▶ [Requirement] Starting from the line with "Подвески из нержавеющей" and going up to and including the line with "Urlaub im Ferienhaus", copy the listing below exactly. Leave all images out.

▶ [Input material]
=======

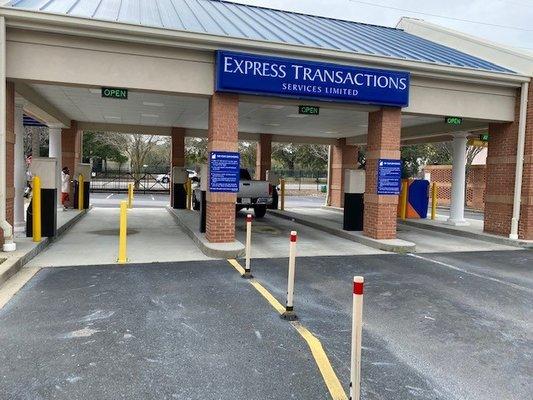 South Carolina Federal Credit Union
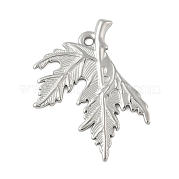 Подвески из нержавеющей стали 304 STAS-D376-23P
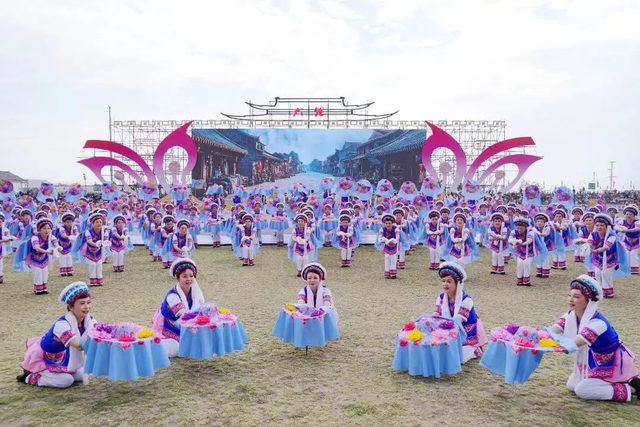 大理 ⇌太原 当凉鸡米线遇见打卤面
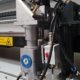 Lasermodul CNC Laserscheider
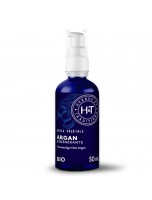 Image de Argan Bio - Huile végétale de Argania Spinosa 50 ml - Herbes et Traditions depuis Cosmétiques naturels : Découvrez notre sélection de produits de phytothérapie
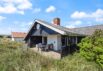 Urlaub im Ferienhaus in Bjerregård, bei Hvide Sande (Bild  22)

=======

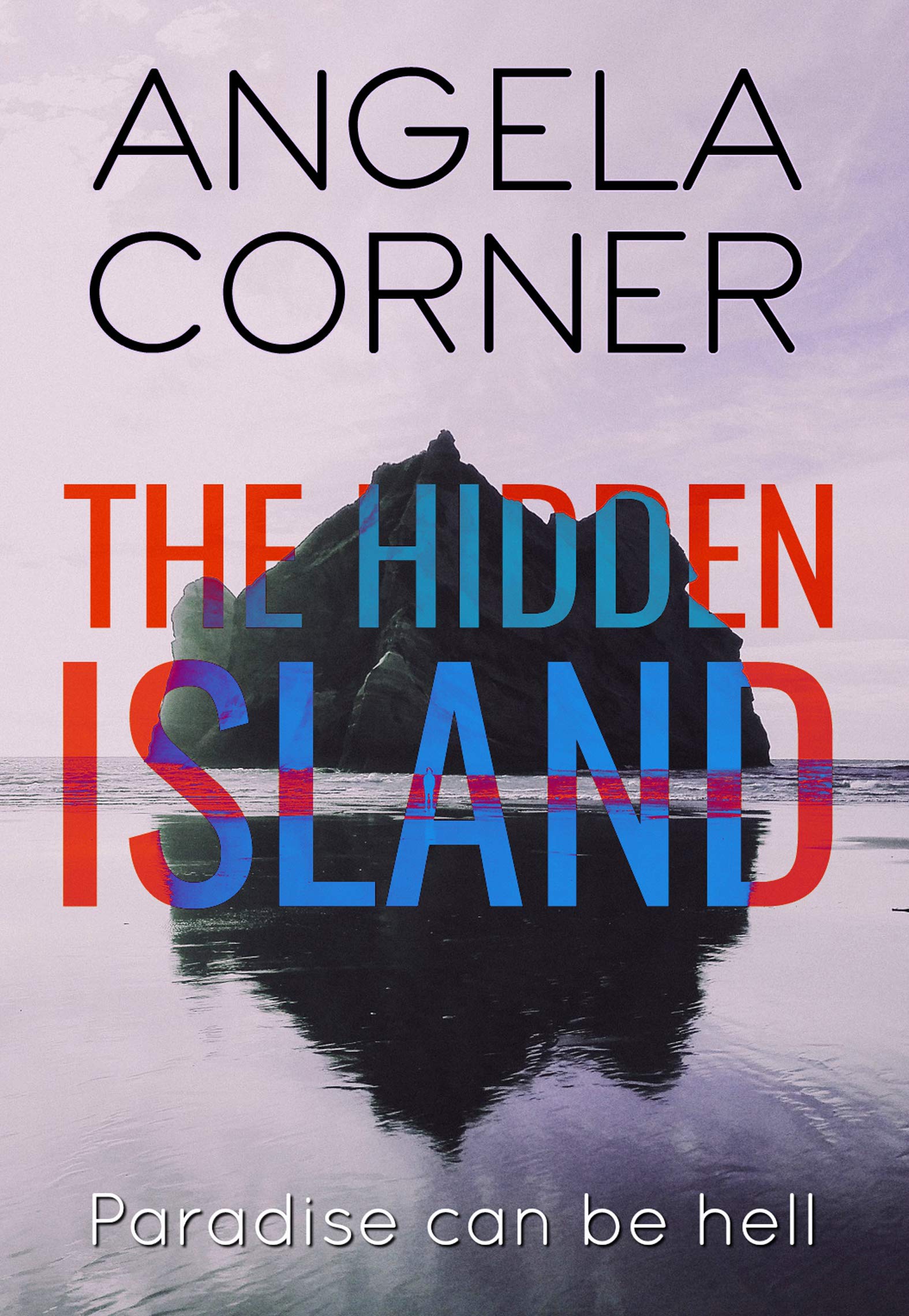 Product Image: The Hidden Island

=======

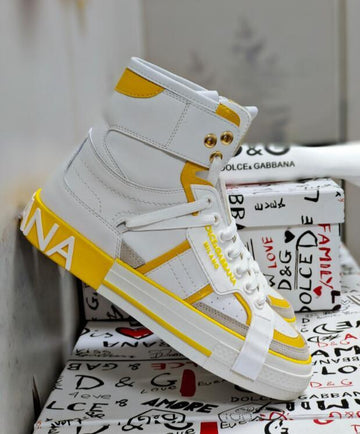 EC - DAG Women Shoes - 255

=======

▶ [Solution to this problem]
 Подвески из нержавеющей стали 304 STAS-D376-23P
 大理 ⇌太原 当凉鸡米线遇见打卤面
 Lasermodul CNC Laserscheider
 Image de Argan Bio - Huile végétale de Argania Spinosa 50 ml - Herbes et Traditions depuis Cosmétiques naturels : Découvrez notre sélection de produits de phytothérapie
 Urlaub im Ferienhaus in Bjerregård, bei Hvide Sande (Bild  22)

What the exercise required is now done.